The power generated at Snoqualmie Falls has been distributed through the agency of the Seattle Cataract Company and Tacoma Cataract Company. These two companies owned the franchises and the right to sell Snoqualmie power in the two cities, respectively. They owned the large and handsome sub-stations at these points and the distribution systems throughout the cities, and they marketed the product of the generating plants.

There has been an unprecedented demand for the power generated by the Snoqualmie Falls Power Company. Indeed, this company, both from the viewpoint of the electrical engineer and of the financier, has been an unqualified success. The company's gross earnings have been at the rate of $244,000 a year, and although its prices have been most moderate, its net earnings have been $120,000 per annum, which will be more than doubled after additional capacity is installed. Snoqualmie power is turning the wheels of the many factories and workshops of Seattle and Tacoma, and is running the trolley cars of Seattle, which carry 40,000,000 passengers annually.
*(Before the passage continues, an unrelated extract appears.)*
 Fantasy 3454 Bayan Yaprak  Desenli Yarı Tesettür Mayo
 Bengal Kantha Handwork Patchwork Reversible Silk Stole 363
It supplies power to the Puget Sound Railway Company, commonly known as the "Interurban," which conveys more than a million people between Seattle and Tacoma yearly, and to the Seattle & Renton Railway Company, which carries 1,140,000 passengers annually.

To mention divers uses, this power grinds 9,000 bushels of wheat a day at the Centennial Mill and 2,200 bushels at the Hammond Mill, both of which plants are located in Seattle, treats 650 tons of ore a day at the Tacoma Smelter, and runs dentist's burrs in Seattle and Tacoma. It furnishes power for the Washington Iron Works Company, the largest industry of this sort in the Pacific Northwest, and for the Metropolitan Press, of Seattle, which prints most of the papers and periodicals published in this part of the country. It grinds spices and roasts coffee for the Crescent Manufacturing Company, and is the motive force of the Washington Shoe Company, which sends its products all through the Northwest and Alaska. Among other large users of power are the Seattle Electric Laundry, the flour and feed mill, operated by Lehman Bros. in Seattle, and the Tacoma Mill and Fransiola Mill in Tacoma, the hay presses and large feed mill of the Galbraith-Bacon Company and the smelting works and machinery of the large jewelry factory of Joseph Mayer & Bros., of Seattle.

 

FIG. 3. — UNDERGROUND POWER STATION
Fig. 3. — Underground Power Station

 

Snoqualmie current furnishes light to the American Steel & Wire Company, for all of the Seattle tracks of the Northern Pacific Railway Company, and runs the motors of its machine shops; to many of the public buildings, stores, saloons and offices in Seattle and Tacoma; and it operates the motors of the numerous small industries of both cities.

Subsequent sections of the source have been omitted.